El Papa Francisco ha establecido con un
motu proprio que los ministerios del
Lector y del Acólito están en adelante
también abiertos a las mujeres, de
forma estable e institucionalizada con
un mandato especial. Las mujeres que
leen la Palabra de Dios durante las
celebraciones litúrgicas o que realizan
un servicio en el altar, como ministras
o como dispensadoras de la Eucaristía,
no son ciertamente una novedad: en
muchas comunidades del mundo son
ahora una práctica autorizada por los
obispos.

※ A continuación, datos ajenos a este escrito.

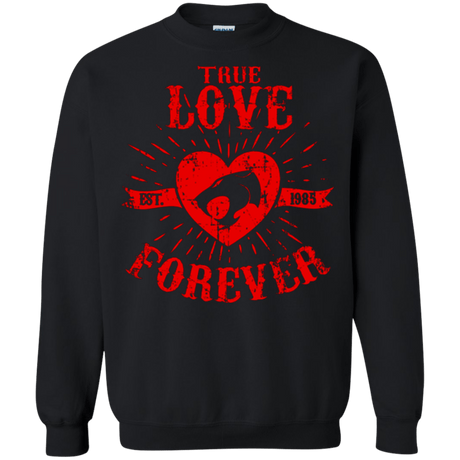 Sweatshirts Black / Small True Love Forever Thunder Crewneck Sweatshirt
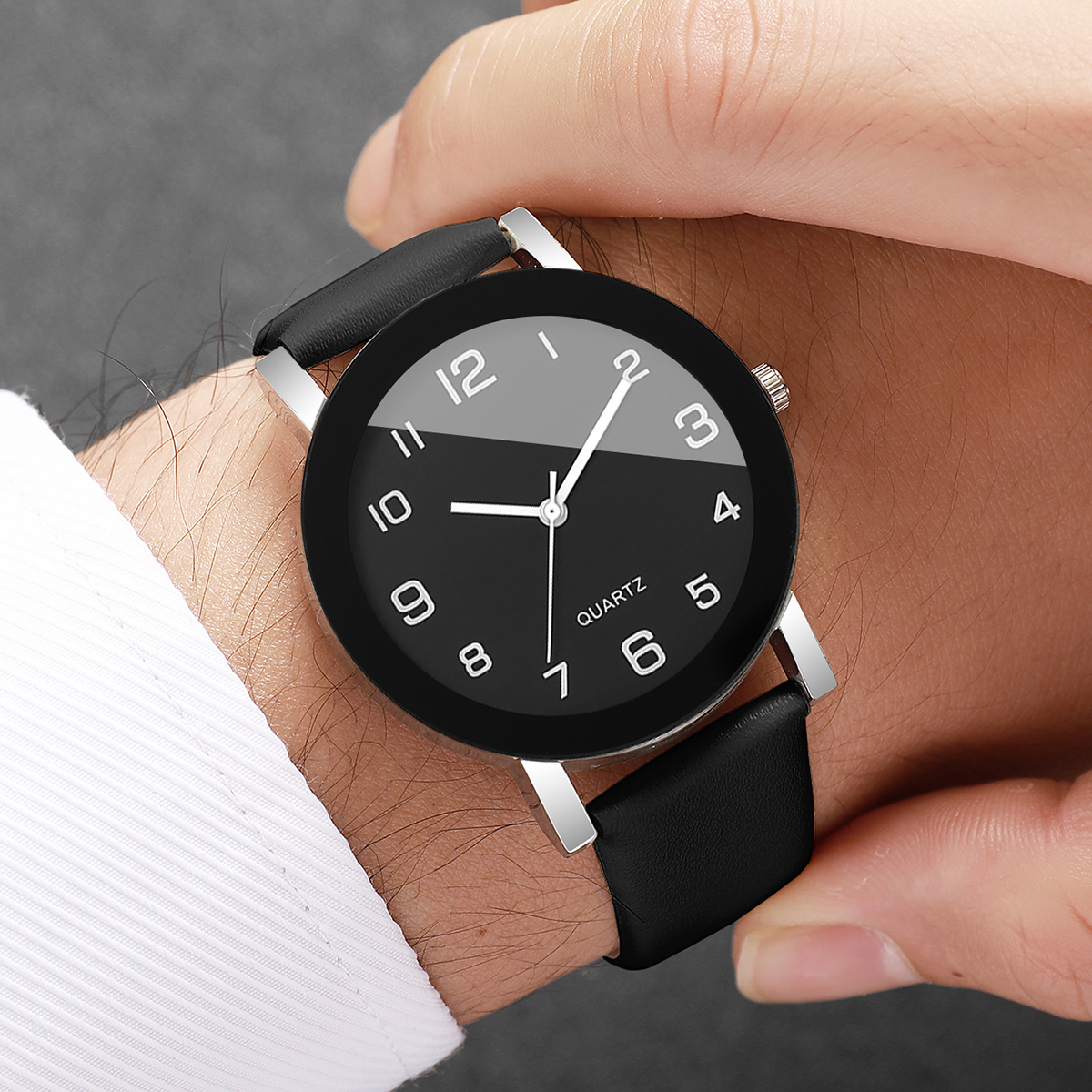 Fashion Arabic Dial  Men Quart - Field Watch Military recension och pris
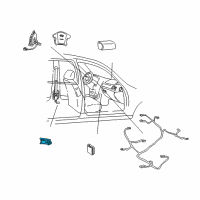 OEM 2001 Hyundai XG300 Sensor Assembly-Satellite, RH Diagram - 95920-39100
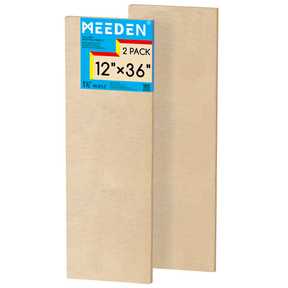 MEEDEN Artist Birch Wood Canvas Board, 1-1/2” dyb
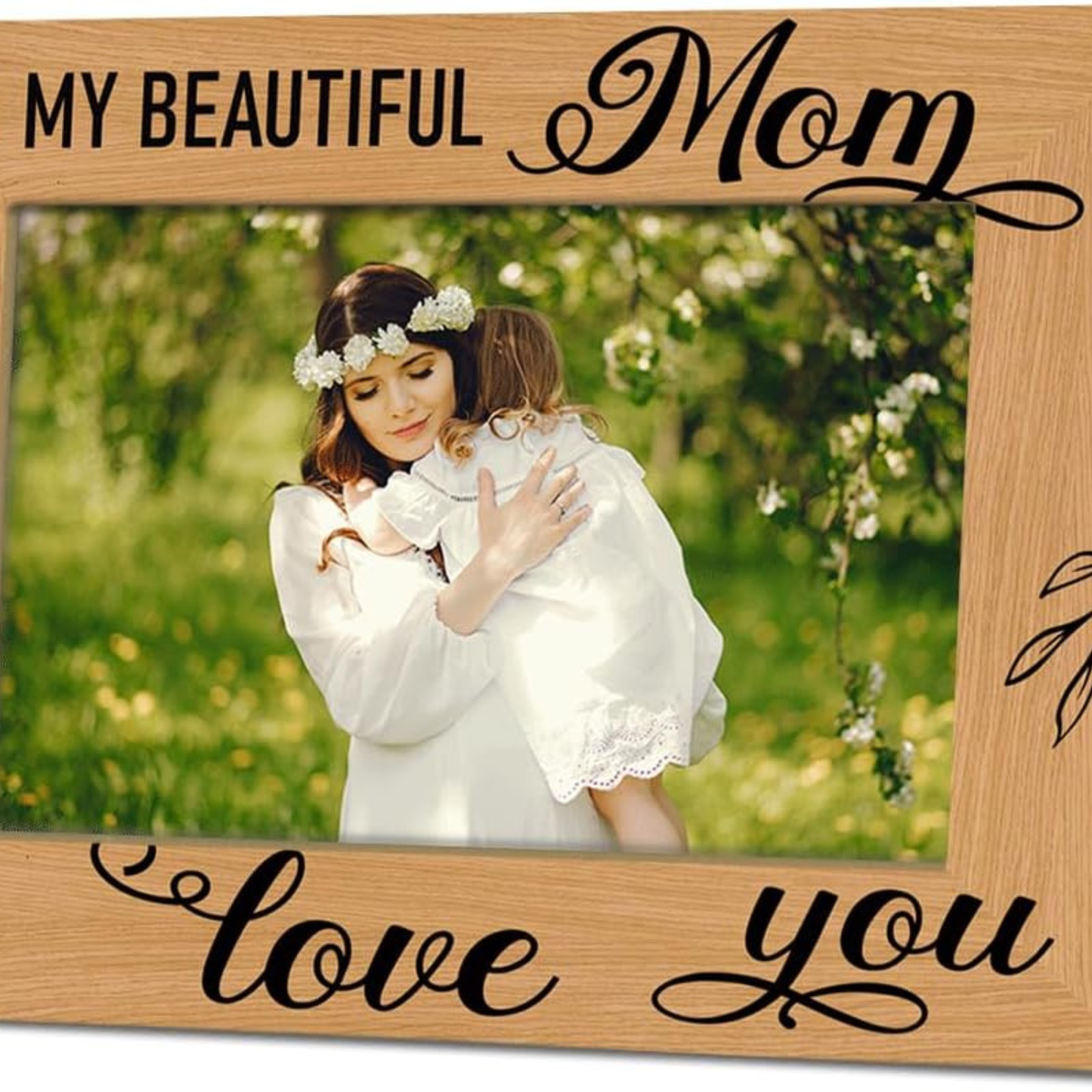Home Collection 10 Colors Rustic Wooden Picture Frame 7.9 x 5.7 Inches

Ahora el Papa Francisco,
también a raíz del discernimiento que
surgió de los últimos Sínodos de Obispos,
quiso hacer oficial e institucional esta
presencia femenina en el altar.
Con el motu proprio "Spiritus Domini",
que modifica el primer párrafo del
canon 230 del Código de Derecho
Canónico, el Pontífice establece, por
tanto, que las mujeres pueden acceder a
estos ministerios y que se les atribuye
también mediante un acto litúrgico
que las institucionaliza.
La nueva formulación del canon reza:
"Los laicos de una edad y unos dones
determinados por decreto de la Conferencia Episcopal podrán ser empleados
permanentemente, mediante el rito
litúrgico establecido, en los ministerios
de lectores y acólitos". Por lo tanto,
se suprime la especificación "del sexo
masculino" que se refería a los laicos
y que estaba presente en el texto del
Código hasta la modificación de hoy.
El Papa explica que "ofrecer a los
laicos de ambos sexos la posibilidad de
acceder a los ministerios de Acolitado
y Lectorado, en virtud de su participación en el sacerdocio bautismal,
aumentará el reconocimiento, de la
preciosa contribución que desde hace
tiempo muchísimos laicos, incluidas
las mujeres, ofrecen a la vida y a la
misión de la Iglesia". Y concluye que
"la decisión de conferir estos cargos,
que implican estabilidad, reconocimiento público y el mandato del obispo,
también a las mujeres hace más efectiva
la participación de todos en la labor
de evangelización de la Iglesia"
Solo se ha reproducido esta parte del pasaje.